ACTION ITEM
For this exercise, output the entries below exactly from the line that holds "What's good? It's" to the line that holds "Let's talk about", both ends included. No pictures belong in the copy.

MATERIAL PROVIDED
= = = = = = =

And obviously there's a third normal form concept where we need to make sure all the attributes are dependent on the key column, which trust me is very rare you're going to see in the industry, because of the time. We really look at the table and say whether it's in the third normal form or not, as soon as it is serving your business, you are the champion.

= = = = = = =

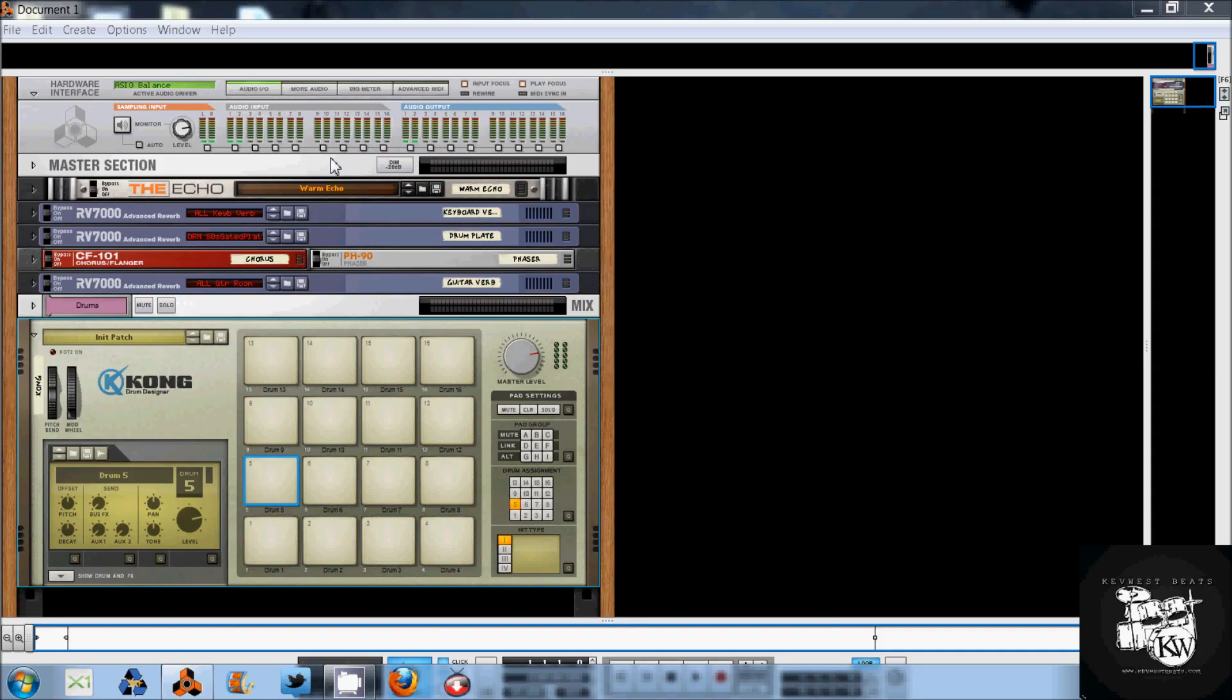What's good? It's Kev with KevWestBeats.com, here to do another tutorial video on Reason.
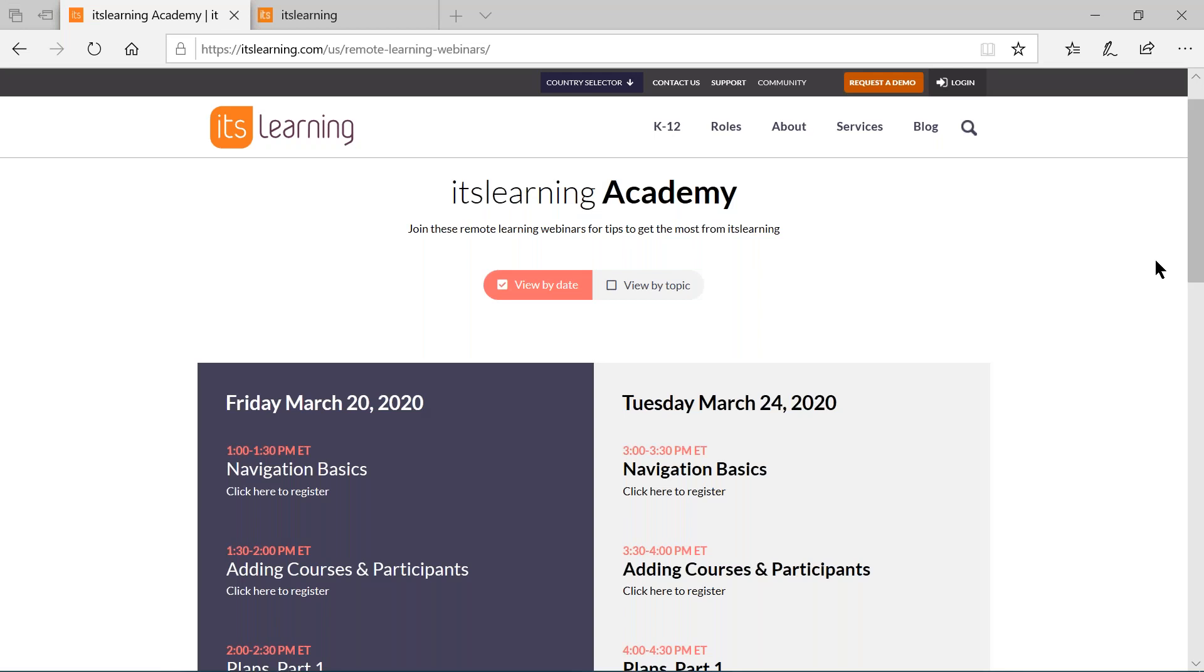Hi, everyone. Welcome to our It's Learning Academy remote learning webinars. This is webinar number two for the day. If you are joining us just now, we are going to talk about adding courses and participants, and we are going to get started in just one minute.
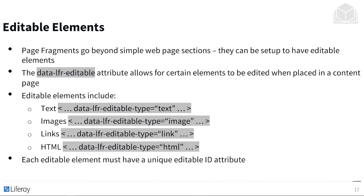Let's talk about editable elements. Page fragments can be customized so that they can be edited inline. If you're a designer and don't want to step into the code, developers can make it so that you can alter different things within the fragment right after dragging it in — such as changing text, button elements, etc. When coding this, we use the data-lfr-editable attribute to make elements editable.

= = = = = = =

WRITTEN SOLUTION
What's good? It's Kev with KevWestBeats.com, here to do another tutorial video on Reason.
Hi, everyone. Welcome to our It's Learning Academy remote learning webinars. This is webinar number two for the day. If you are joining us just now, we are going to talk about adding courses and participants, and we are going to get started in just one minute.
Let's talk about editable elements. Page fragments can be customized so that they can be edited inline. If you're a designer and don't want to step into the code, developers can make it so that you can alter different things within the fragment right after dragging it in — such as changing text, button elements, etc. When coding this, we use the data-lfr-editable attribute to make elements editable.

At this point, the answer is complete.